Work task: Only the lines from the one containing "Alexander McQu" through the end of the listing belong in the answer, repeated exactly, with no pictures.

Materials provided:
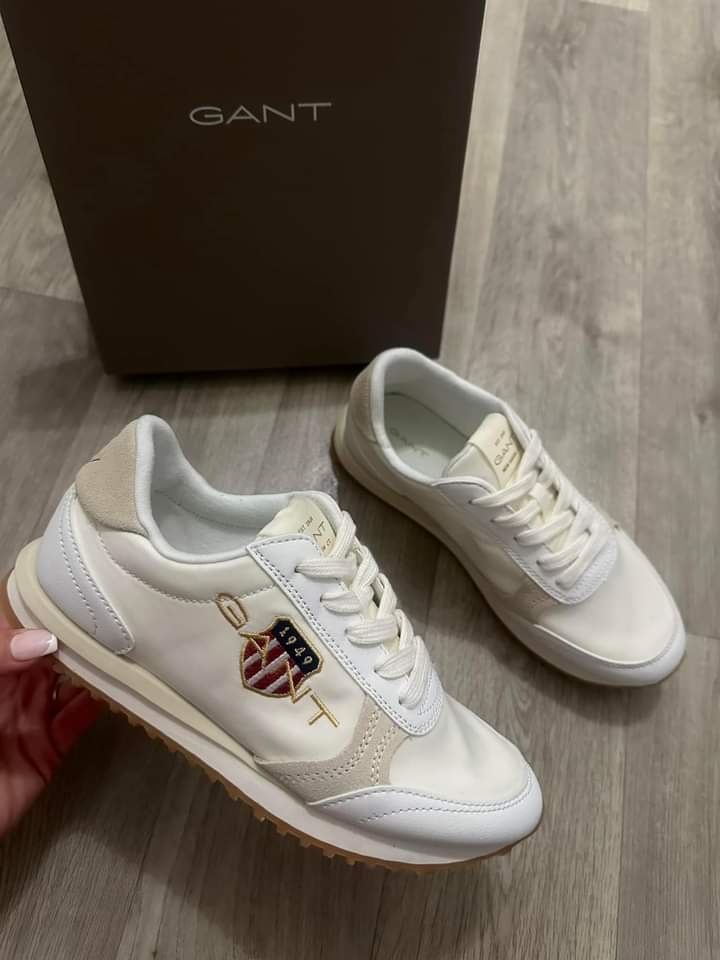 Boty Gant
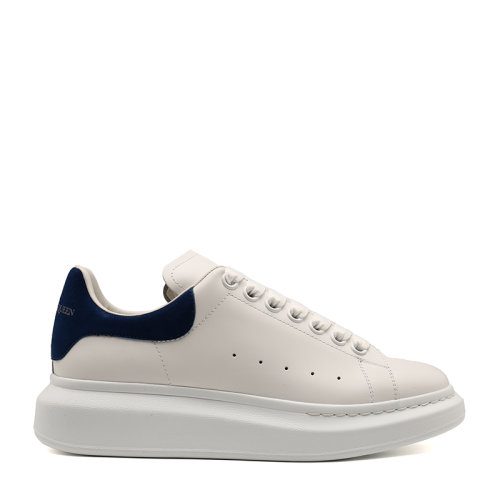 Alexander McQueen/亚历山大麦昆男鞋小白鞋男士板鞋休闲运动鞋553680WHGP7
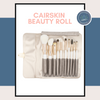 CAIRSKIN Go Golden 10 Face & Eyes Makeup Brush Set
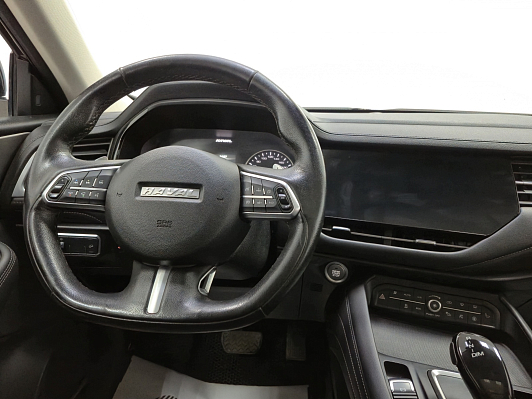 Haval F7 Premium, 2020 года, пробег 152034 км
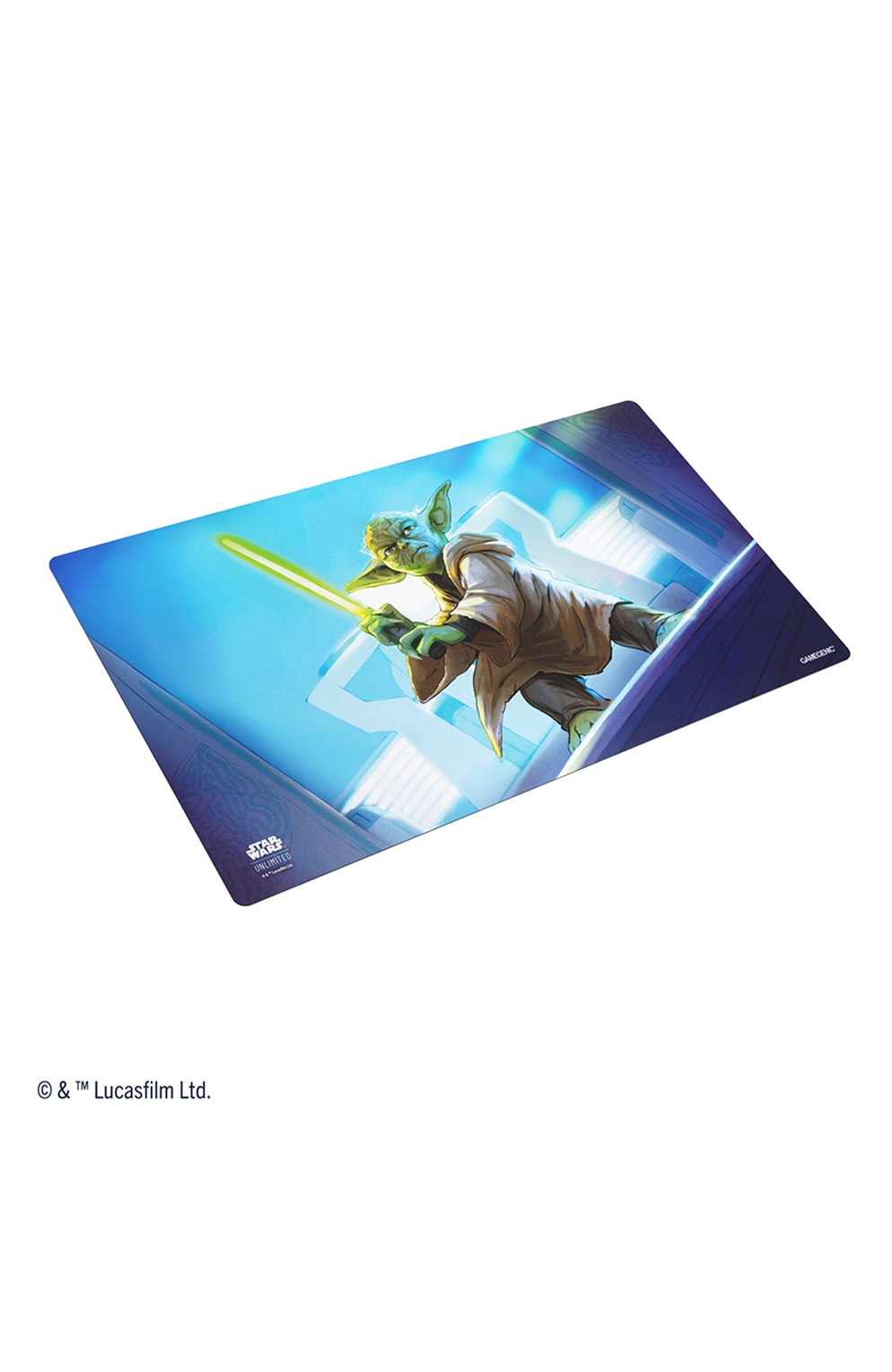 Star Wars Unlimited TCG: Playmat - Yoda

Output of the exercise:
 Alexander McQueen/亚历山大麦昆男鞋小白鞋男士板鞋休闲运动鞋553680WHGP7
 CAIRSKIN Go Golden 10 Face & Eyes Makeup Brush Set
 Haval F7 Premium, 2020 года, пробег 152034 км
 Star Wars Unlimited TCG: Playmat - Yoda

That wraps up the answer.